Taksim & Istiklal Caddesi:

In contrast to the "Old Town" of Sultanahmet, the area around Taksim Square is much more modern - everything from the architecture to the atmosphere. Taksim Square (map) is a large area that itself is relatively unflattering. It can be the site where people congregate for political rallies, football games etc. However the streets that run off Taksim Square are of more interest to the visiting tourist. In particular, Istiklal Caddesi (or Istiklal Avenue) (map). It runs from the Northern end at Taksim Square right down to the Galata District. The street is lined by boutiques, department stores, cafes and restaurants. Istiklal seems busy no matter what time of day or night you visit. The atmosphere the night we visited was wonderful - the 2 larger football clubs in Istanbul were playing a big game, so lots of people were out watching the game and afterwards, celebrating/commiserating the result. You will find a number of known retail brand stores as well as lots of local boutiques and traditional shops. The food scene along Istiklal street is fantastic if you want to sample authentic cuisine.
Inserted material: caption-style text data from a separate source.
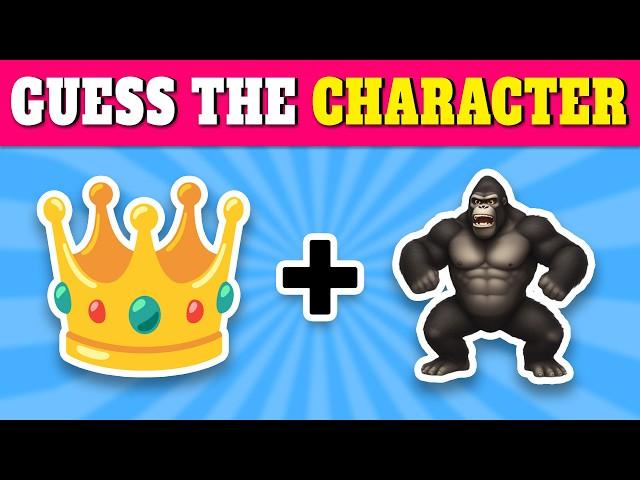 Can you Guess the character by emoji... ‍️‍️? | Emoji Quiz 2024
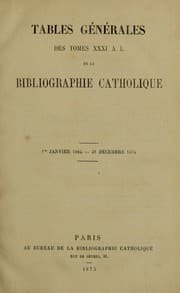 Tapa de Bibliographie catholique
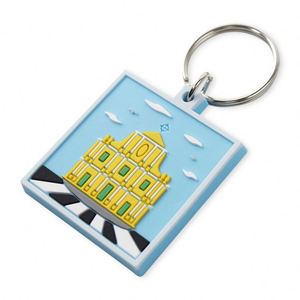 Promotional Company Brand Pvc Keyring 2d Logo Letter with Custom Rubber Gift <b>Key</b> <b>Chain</b> Personalized Soft Pvc Keychain - Product Image 5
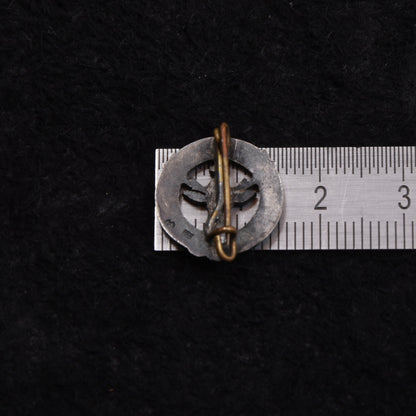 Vintage Styrian Hunting Protection Club .800 Silver Pin ca. 1.6cm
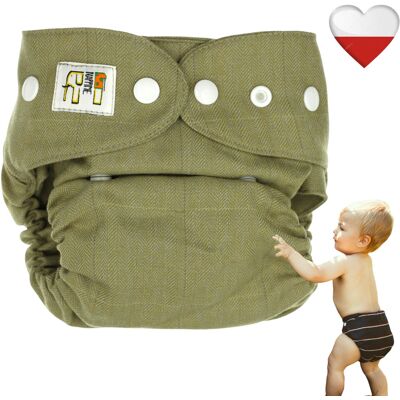 OEM Cubierta De Pañal De Lana, Color Blanco Roto, Broches Grises, Pañales Reutilizables Nappime OEM Cubierta De Pañal De Lana, Color Blanco Roto, Broches Grises, Pañales Reutilizables Nappime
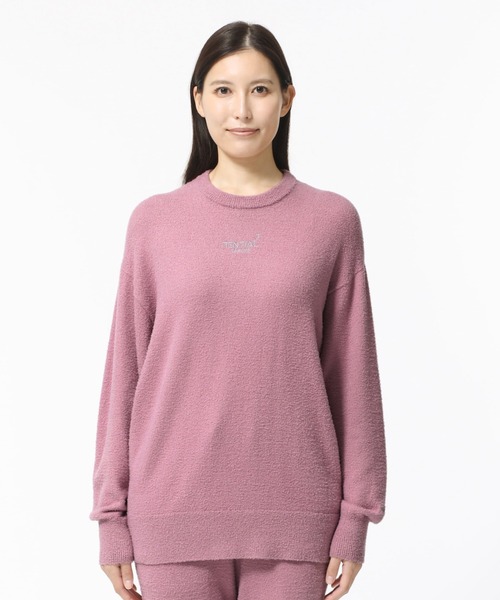 BAKUNE ソフトニット ロングスリーブ クルーネック（ルームウェア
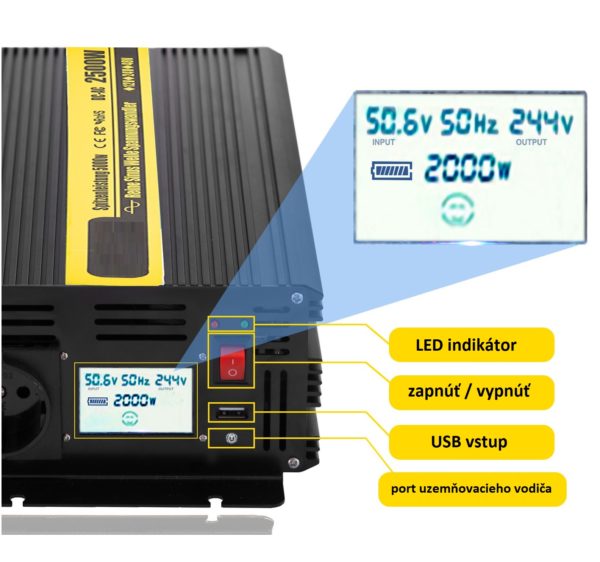 Sínusový Invertor 2500W – Obrázok 4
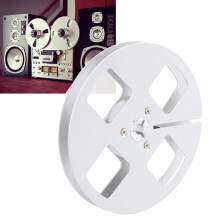 5 Inch Aluminum Alloy 1/4 Inch Reel for Reel-to-Reel Audio Recorder Silver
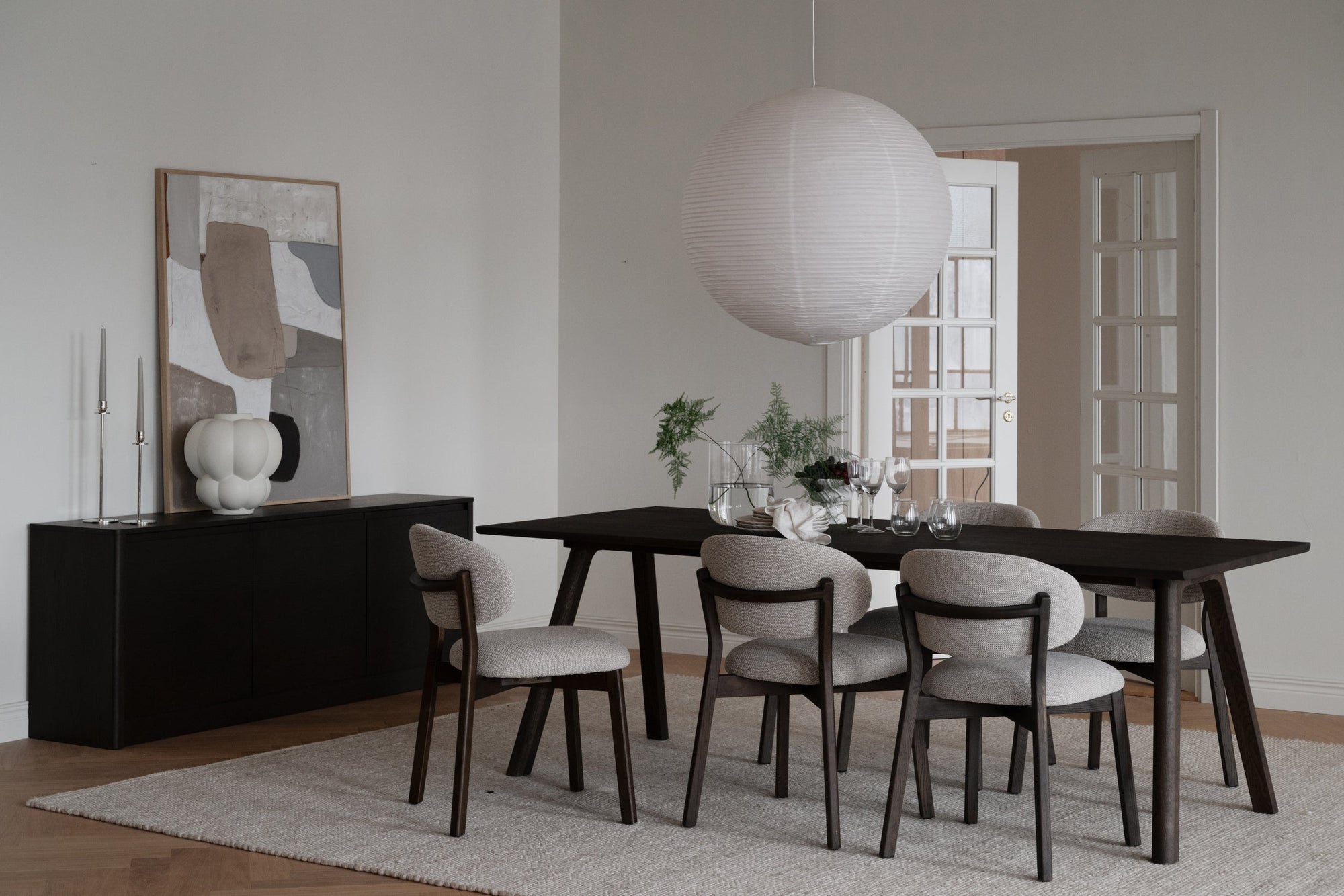 Clapperton Extendable Dining Table 220 x 95 cm – Brown Oak – 6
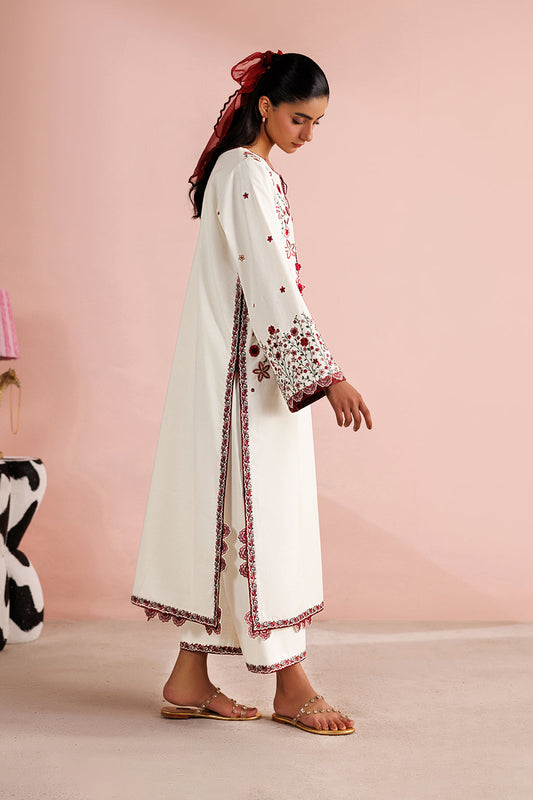 IP-355 Embroidered Lawn - Iznik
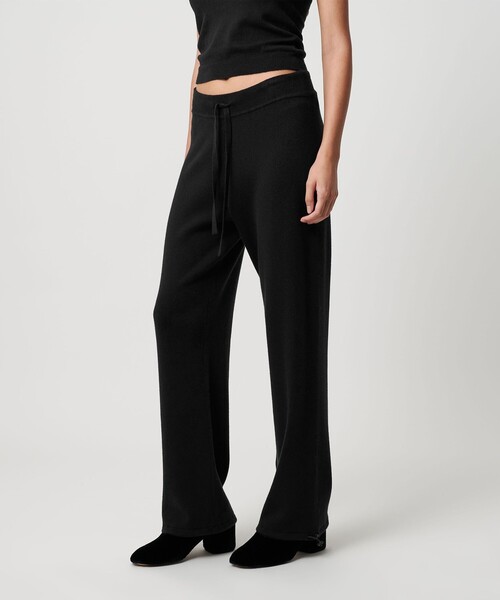 ATTISESSION（アティセッション）の「＜ATTISESSION＞ニット コード パンツ（その他パンツ・レディース・ブラック/ベージュ・36/38）」の10枚目の写真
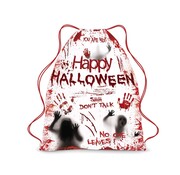 Joni's Halloween Shop Halloween snoep rugtas "Happy Halloween Wit"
There are lots of narrow streets and alleyways that run off Istiklal and have there own little vibe - you can take a wander up Sahne Sk (map) for example with its market-style stalls, traditional food and boutiques - see Sampyion Kokorec below in "where to eat". There is a red tram which runs the length of Istiklal and provides more of a fun photo opportunity than a genuine mode of transport. 

I would definitely suggest visiting Istiklal in the early evening and walking the length, stopping from time to time to sample different eateries or dining in one of the terrace restaurants.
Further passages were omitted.